Product pricing gets even harder at scale, considering just how many products are sold online. Clothing has strong seasonal pricing trends and is heavily influenced by brand names, while electronics have fluctuating prices based on product specs.
Mercari, Japan’s biggest community-powered shopping app, knows this problem deeply. They’d like to offer pricing suggestions to sellers, but this is tough because their sellers are enabled to put just about anything, or any bundle of things, on Mercari's marketplace.
This model automatically suggests the right product prices, provided user-inputted text descriptions of products, including details like product category name, brand name, and item condition.
The files consist of a list of product listings. These files are tab-delimited.
- train_id or test_id - the id of the listing
- name - the title of the listing. Note that we have cleaned the data to remove text that look like prices (e.g. $20) to avoid leakage. These removed prices are represented as [rm]
- item_condition_id - the condition of the items provided by the seller
- category_name - category of the listing
- brand_name
- price - the price that the item was sold for. This is the target variable that you will predict. The unit is USD. This column doesn't exist in test.tsv since that is what you will predict.
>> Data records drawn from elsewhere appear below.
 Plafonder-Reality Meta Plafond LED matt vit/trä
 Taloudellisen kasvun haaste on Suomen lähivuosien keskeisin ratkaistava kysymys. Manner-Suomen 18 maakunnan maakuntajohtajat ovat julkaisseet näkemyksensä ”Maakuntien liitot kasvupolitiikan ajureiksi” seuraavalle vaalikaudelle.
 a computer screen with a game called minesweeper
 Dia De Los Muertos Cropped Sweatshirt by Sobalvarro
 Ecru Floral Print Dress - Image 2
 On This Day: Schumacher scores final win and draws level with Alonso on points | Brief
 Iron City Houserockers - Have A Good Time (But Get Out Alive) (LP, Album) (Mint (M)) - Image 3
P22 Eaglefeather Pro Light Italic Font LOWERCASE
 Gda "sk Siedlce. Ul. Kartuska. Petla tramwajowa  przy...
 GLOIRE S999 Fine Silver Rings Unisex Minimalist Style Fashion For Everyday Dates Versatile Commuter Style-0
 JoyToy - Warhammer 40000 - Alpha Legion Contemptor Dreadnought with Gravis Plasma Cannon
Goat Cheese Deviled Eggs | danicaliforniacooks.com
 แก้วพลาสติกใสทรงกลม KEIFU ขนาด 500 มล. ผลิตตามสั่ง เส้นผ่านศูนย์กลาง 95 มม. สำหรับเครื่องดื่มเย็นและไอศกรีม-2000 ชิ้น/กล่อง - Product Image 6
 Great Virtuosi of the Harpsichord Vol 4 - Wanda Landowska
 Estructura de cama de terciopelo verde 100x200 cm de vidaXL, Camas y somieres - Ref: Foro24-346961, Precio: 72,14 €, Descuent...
- shipping - 1 if shipping fee is paid by seller and 0 by buyer
- item_description - the full description of the item. Note that we have cleaned the data to remove text that look like prices (e.g. $20) to avoid leakage. These removed prices are represented as [rm]
Though a separate EDA notebook is added to this project with detailed description, the interactive graphs have issues when rendered in the ipython display of github. Thus refere to the following link for the compelete analysis https://www.kaggle.com/nehaytamore/my-eda-of-mercari
-
For categorical variables:
- Shipping : Shipping information was present for all the products. And from the EDA it was found that products that tend to be shipped by the seller fall under slightly higher price range than the other products. For modeling shipping is represnted by a binary variable
- Item condition id : The condition id is the categorical variable, taking 1 to 5 values. From the prices perspective it's bit tricky to deduce which id would correspond to most used or unused, as the variation is prices was impacted hugely by the product being sold. condition id could also be represented by one-hot-encoding, yet it's embedded into 5dimensional space so that the network could learn additional information if any. Also the model tends to perform slightly better when embeddings are used for item condition id!
- Brand name : Feature imputation technique Brand name is the only feature for which has almost half of the valus missing. The solution to missing values was found with very elegant string matching algorithm run on item name and description. This gave us 0.02 rmsle hike!
- Category : Splitting the category adds some value to the model, but time vs rmsle trade off did not allow to implement the same in this model.
-
Text features : Text features were embedded into appropriate sized dimensional space and GRUs were used to extract important information from these two features
- name : Length of the name variable has some corelation with the price of the product.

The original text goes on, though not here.